Zaphod Beeblebrox is a fictional character in the various versions of the humorous science fiction story The Hitchhiker's Guide to the Galaxy by Douglas Adams who based him on his Cambridge contemporary, Johnny Simpson.
Zaphod Beeblebrox is a native to Betelgeuse Five and grew up with his semi-cousin, Ford Prefect. With more than his fair share of body parts, he is badly dressed (recently voted the Worst Dressed Sentient Being in the Known Universe for the seventh time running), bad mouthed, two-headed, has had an extra arm attached just below his original right one (he claims it improves his ski-boxing) and is the proud owner of the biggest ego in the known universe. Apart from his extra head and third arm, he is otherwise humanoid in appearance.
Zaphod is an adventurer, an ex-confidence trickster, a manic self-publicist, and is also terribly bad at personal relationships. He is thought by many to be completely out to lunch. Lunch is by the way one of his favourite activities, as his waking day often seems to revolve around his stomach. He is also the creator of the "Pan Galactic Gargle Blaster", a cocktail so volatile and intoxicating that the effects of drinking more than two is like having your brain smashed into a pulp by a slice of lemon wrapped around a large gold brick.
President of the Galaxy and successor to Yooden Vranx, Zaphod's job is not to hold power, but to draw attention away from the real source of it.

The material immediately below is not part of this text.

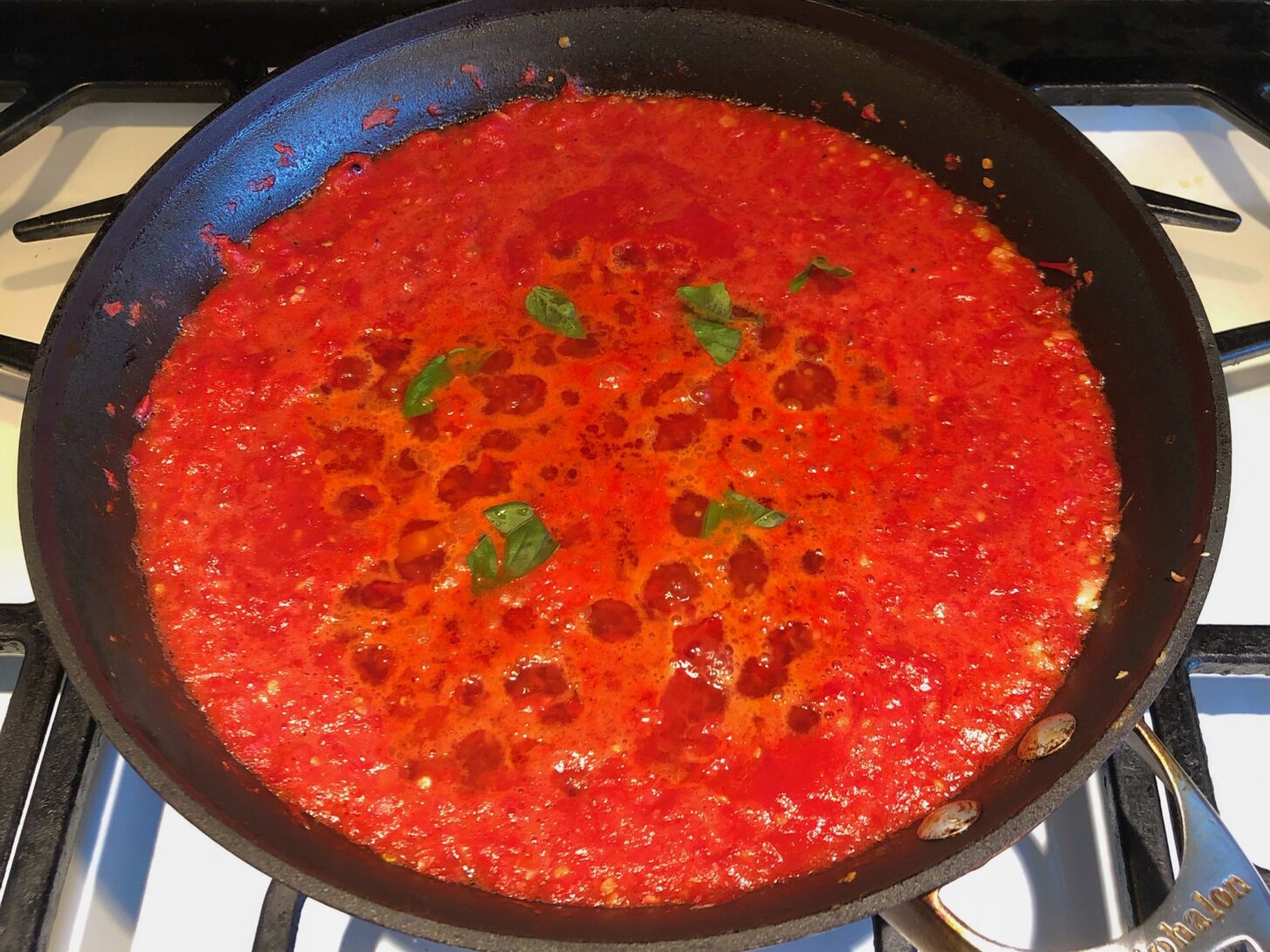 finished sauce in a pan topped with basil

Thus Zaphod Beeblebrox is one of the best Presidents the Galaxy has ever had, having already spent two of his ten years in office in prison for fraud.

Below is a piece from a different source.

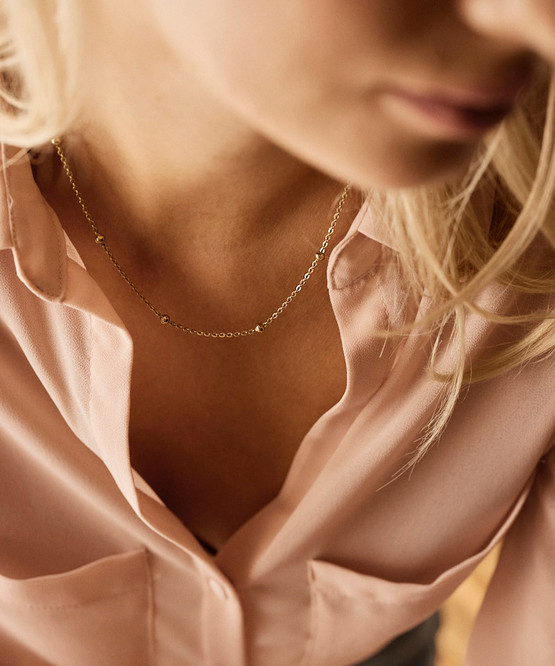 Model wearing Golden Grand Ball Necklace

Zaphod Beeblebrox is notorious for having run off with the most technologically advanced ship of its kind, the Heart of Gold, (which runs off the Infinite Improbability Drive, meaning that it passes through every single point in the Universe simultaneously) when he was in fact supposed to be launching it on the planet Damogran. Following a few narrow escapes from the Galactic Police, he may still be on the run today. And he probably is.
The Hitchhiker's Guide to the Galaxy is a science fiction comedy series created by Douglas Adams. Originally a radio comedy broadcast on BBC Radio 4 in 1978, it was later adapted to other formats, and over several years it gradually became an international multi-media phenomenon.
Adaptations have included stage shows, a "trilogy" of five books published between 1979 and 1992, a sixth novel penned by Eoin Colfer in 2009, a 1981 TV series, a 1984 computer game, and three series of three-part comic book adaptations of the first three novels published by DC Comics between 1993 and 1996. There were also two series of towels, produced by Beer-Davies, that are considered by some fans to be an "official version" of The Hitchhiker's Guide to the Galaxy, as they include text from the first novel. A Hollywood-funded film version, produced and filmed in the UK, was released in April 2005, and radio adaptations of the third, fourth, and fifth novels were broadcast from 2004 to 2005. Many of these adaptations, including the novels, the TV series, the computer game, and the earliest drafts of the Hollywood film's screenplay, were done by Adams himself, and some of the stage shows introduced new material written by Adams.
The title is the name of a fictional, eccentric, electronic travel guide, The Hitchhiker's Guide to the Galaxy, prominently featured in the series.The Hitchhiker's Guide to the Galaxy is often abbreviated "HHGTTG" (as used on fan websites) or "H2G2" (first used by Neil Gaiman as a chapter title in Don't Panic and later by the online guide run by the BBC). The series is also often referred to as "The Hitchhiker's Guide", "Hitchhiker's", or simply "[The] Guide". This title can refer to any of the various incarnations of the story of which the books are the most widely distributed, having been translated into more than 30 languages by 2005.